The evidence shows that Matanza told an undercover police officer that she needed a "20" -- street vernacular for $20 of narcotics. The officer placed a baggie containing rock cocaine into Matanza's hand, which was palm up, and she quickly handed the officer $20. Upon the arrival of the arrest team, Matanza threw the drugs onto the right front passenger seat. Matanza was subsequently arrested.

During his closing argument, Matanza's attorney reminded the jury that the word cocaine was never mentioned during the transaction and that Bermudes did not recall whether Matanza looked at the packet.

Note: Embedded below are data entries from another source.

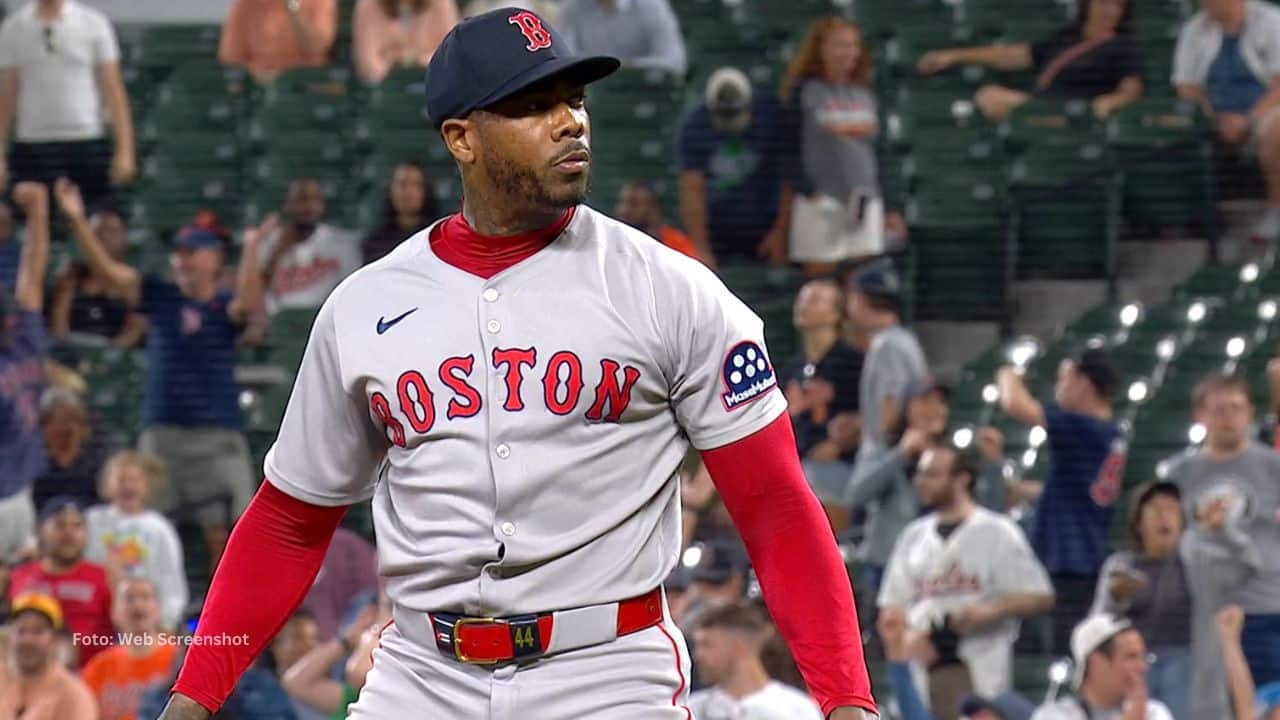 Aroldis Chapman está en medio de un tramo imbateable, pues le han fabricado tan solo una carrera limpia desde el 28 de mayo.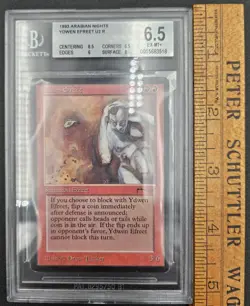MTG Arabian Nights Ydwen Efreet BGS 6.5 EX-MT+ Magic the Gathering - Image 3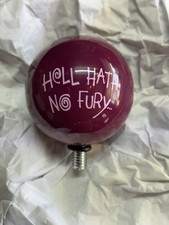 BRAND NEW Bell’s Brewery Hell Hath No Fury Beer Tap Handle Globe Ball Topper picture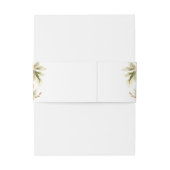 ラヴ素朴パンプキンのInvの水の色結婚秋 招待状ベリーバンド (裏面例)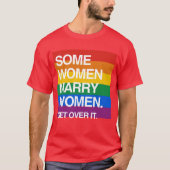 SOMMIGE VROUWEN MARRY KRIJGEN ERMEE T-SHIRT (Voorkant)
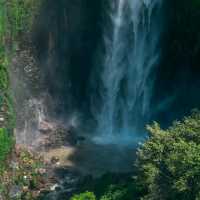 Chasing Giant Mists at Sipiso-piso Waterfall 🌬️💧 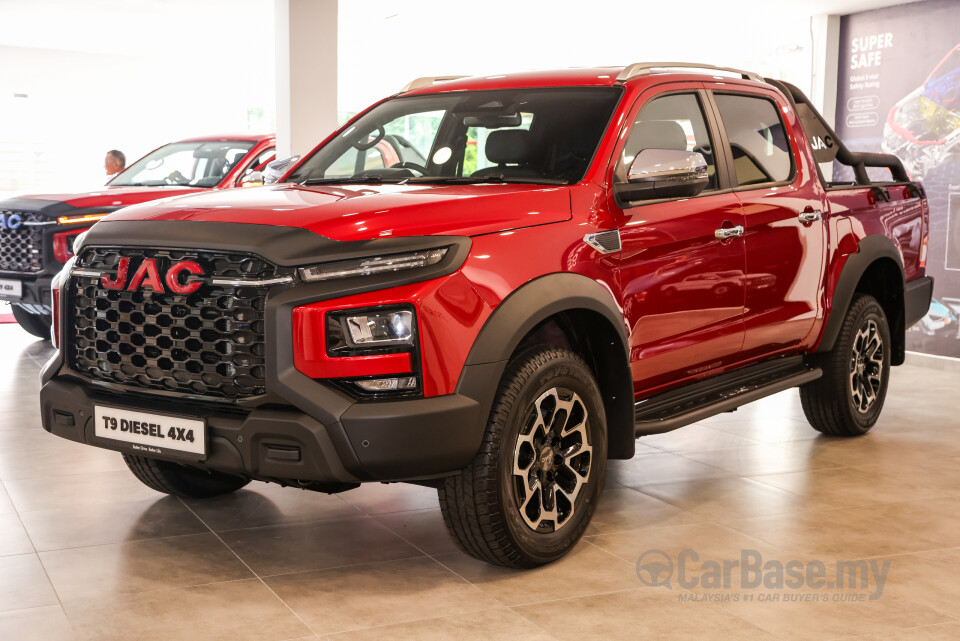 JAC T9 Mk1 (2025) Exterior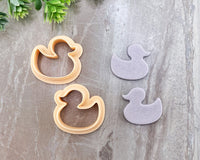 Duckies Clay Cutter Set of 2 - Ducky Animal Cutters Collection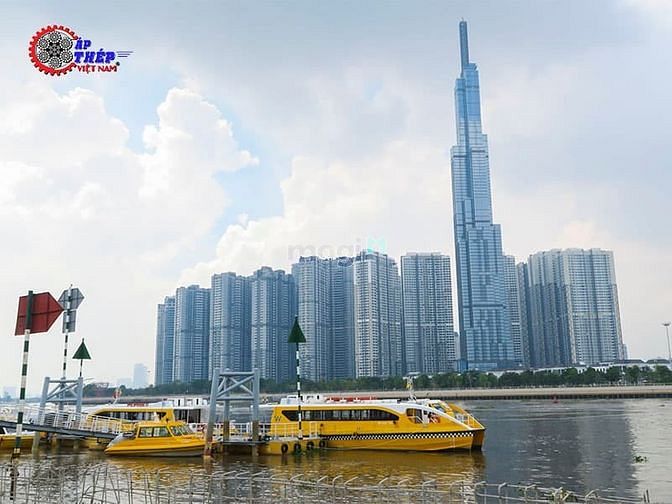 Hình ảnh Đất biệt thự bờ sông View TRỰC DIỆN sông SG, Landmark 81. Giá: 108 tỷ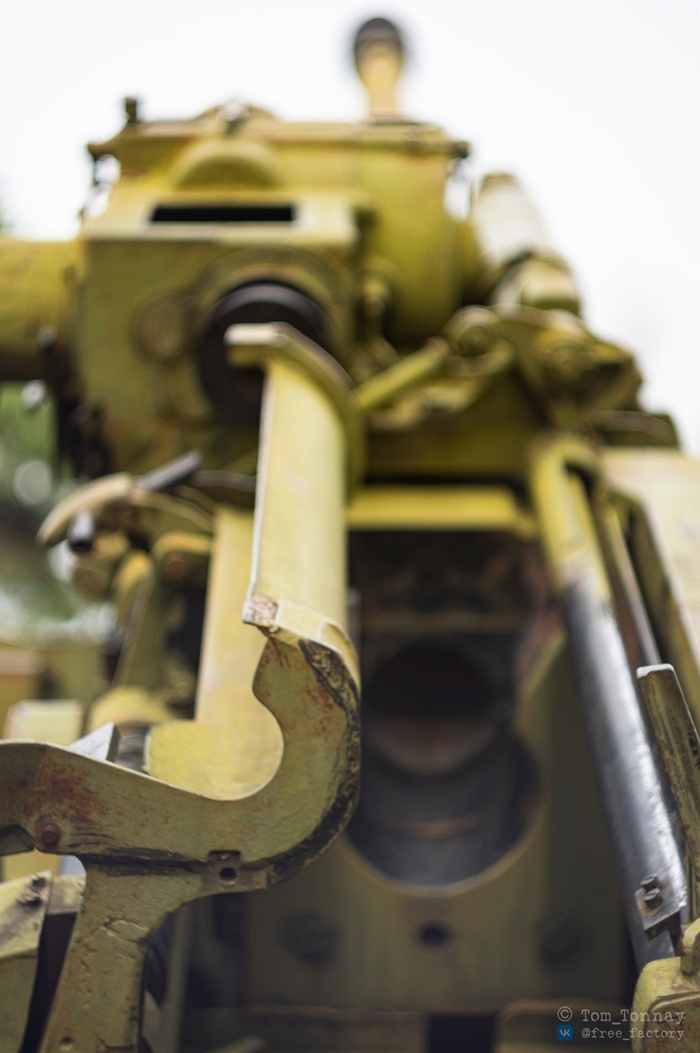 85мм зенитки, где можно почувствовать себя наводчиком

The trial record lacks any evidence to support Matanza's contention that a reasonable jury could infer Matanza believed she purchased something other than a dangerous drug from Bermudes. Furthermore, the jury was instructed on the meaning of the terms "knowingly" and "possession" as follows:

A person acts knowingly with respect to his conduct when he is aware that his conduct is of that nature. A person acts knowingly with respect to attendant circumstances when he is aware that such circumstances exist. A person acts knowingly with respect to a result of his conduct when he is aware that it is practically certain that his conduct will cause such a result.

A person is in possession of an object if the person knowingly procured or received the thing possessed or was aware of her control of it for a sufficient period to have terminated her possession.

The law recognizes two kinds of possession, actual possession and constructive possession.

A person who, although not in actual possession, knowingly has both the power and intention, at a given time, to exercise dominion or control over a thing for a sufficient period to terminate her possession of it, either directly or through another person or persons, is then in constructive possession of it.

The fact that a person is near an object or is present or associated with the person who controls an object, without more, is not sufficient to support a finding of possession.

The element of possession has been proved if you find beyond a reasonable doubt that the defendant had actual or constructive possession.

The jury instructions, taken as a whole, were not prejudicially insufficient, erroneous, inconsistent, or misleading.

IV. CONCLUSION

The November 15, 2000, Judgment of the circuit court is affirmed.

DATED: Honolulu, Hawai`i, March 13, 2002.

On the briefs:
 

Cindy A.L. Goodness,
Deputy Public Defender,
State of Hawai`i,
for defendant-appellant.

Loren J. Thomas,
Deputy Prosecuting Attorney,
City and County of Honolulu,
for plaintiff-appellee.
 

1.     The Honorable Dexter D. Del Rosario presided.

2.     HRS § 712-1243 provides, in pertinent part:

§712-1243 Promoting a dangerous drug in the third degree. (1) A person commits the offense of promoting a dangerous drug in the third degree if the person knowingly possesses any dangerous drug in any amount.

(2) Promoting a dangerous drug in the third degree is a class C felony.